Violence and Death

Symbol Analysis

In the "Setting" section, we discuss how we could easily imagine the speaker saying this poem while serving coffee or tea in her living room, on a pleasant, peaceful afternoon. This setting, and the generally calm tone of the poem, doesn't immediately call up violence or death. But if we look closely at what the poem says, we see that even silence can have a darkly dangerous edge.

  • Line 3: The speaker's father makes an allusion to the 19th-century American poet Henry Wadsworth Longfellow, who wrote classics such as "Paul Revere's Ride" and The Song of Hiawatha. But he doesn't talk about Longfellow's poems. Instead, he refers specifically to Longfellow's grave. This is especially morbid if you know that Longfellow's house is not too far from his grave and would probably be a more cheerful tourist hotspot.
  • Lines 5-7: Whoa, where did this graphic imagery come from? It's one thing to bring up a cat chasing a mouse. It's a whole other thing to describe, in detail, the poor mouse's tail hanging from the cat's mouth. We also see two layers of similes at work here.

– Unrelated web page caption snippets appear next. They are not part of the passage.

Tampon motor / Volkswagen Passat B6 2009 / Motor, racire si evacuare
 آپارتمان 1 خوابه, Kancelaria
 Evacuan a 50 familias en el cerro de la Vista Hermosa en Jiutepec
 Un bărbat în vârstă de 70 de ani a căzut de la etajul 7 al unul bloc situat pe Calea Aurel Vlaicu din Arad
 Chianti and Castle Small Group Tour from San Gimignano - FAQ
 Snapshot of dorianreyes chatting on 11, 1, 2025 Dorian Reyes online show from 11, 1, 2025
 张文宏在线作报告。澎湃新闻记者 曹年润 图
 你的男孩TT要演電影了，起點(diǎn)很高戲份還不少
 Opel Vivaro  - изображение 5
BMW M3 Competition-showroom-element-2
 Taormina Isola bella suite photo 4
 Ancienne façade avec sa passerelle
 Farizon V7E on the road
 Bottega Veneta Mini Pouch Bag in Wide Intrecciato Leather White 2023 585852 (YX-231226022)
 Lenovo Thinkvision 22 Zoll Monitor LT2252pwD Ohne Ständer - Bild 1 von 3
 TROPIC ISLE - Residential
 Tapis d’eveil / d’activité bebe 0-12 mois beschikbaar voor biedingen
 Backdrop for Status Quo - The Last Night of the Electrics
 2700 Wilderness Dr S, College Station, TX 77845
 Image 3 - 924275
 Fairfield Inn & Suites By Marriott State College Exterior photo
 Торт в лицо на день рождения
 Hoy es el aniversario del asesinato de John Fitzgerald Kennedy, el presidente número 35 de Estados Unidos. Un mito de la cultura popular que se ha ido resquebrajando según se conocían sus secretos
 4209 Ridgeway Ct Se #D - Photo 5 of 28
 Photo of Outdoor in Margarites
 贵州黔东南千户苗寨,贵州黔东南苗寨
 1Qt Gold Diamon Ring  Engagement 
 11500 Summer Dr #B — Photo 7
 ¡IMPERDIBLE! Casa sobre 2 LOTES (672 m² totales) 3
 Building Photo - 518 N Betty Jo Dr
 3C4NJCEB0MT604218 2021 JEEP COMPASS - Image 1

First, the father says that superior people are "Self-reliant like the cat." He shows us what these people are like by comparing their behavior to an animal's. Amidst this animal imagery, the father adds a second simile: the mouse's tail hangs from the cat's mouth "like a shoelace." What's interesting here is that a shoelace belongs to the human, not animal, world. So, bottom line? People are described to be like a cat, but then its prey, the mouse, brings to mind a person. It's a pretty weird inversion. We're not exactly sure what to make of it, but we feel that it's important to point out.
  • Line 9: We hear the phrase "to be robbed of speech" so often that it's almost a cliché, but in this context, following descriptions of a grave and a cat taking a mouse as prey, it contains a pretty interesting metaphor. Burglars rob a bank; a mugger robs a woman walking through Central Park. Like a gold bar or a wallet, speech is presented as something that can be stolen or taken by force.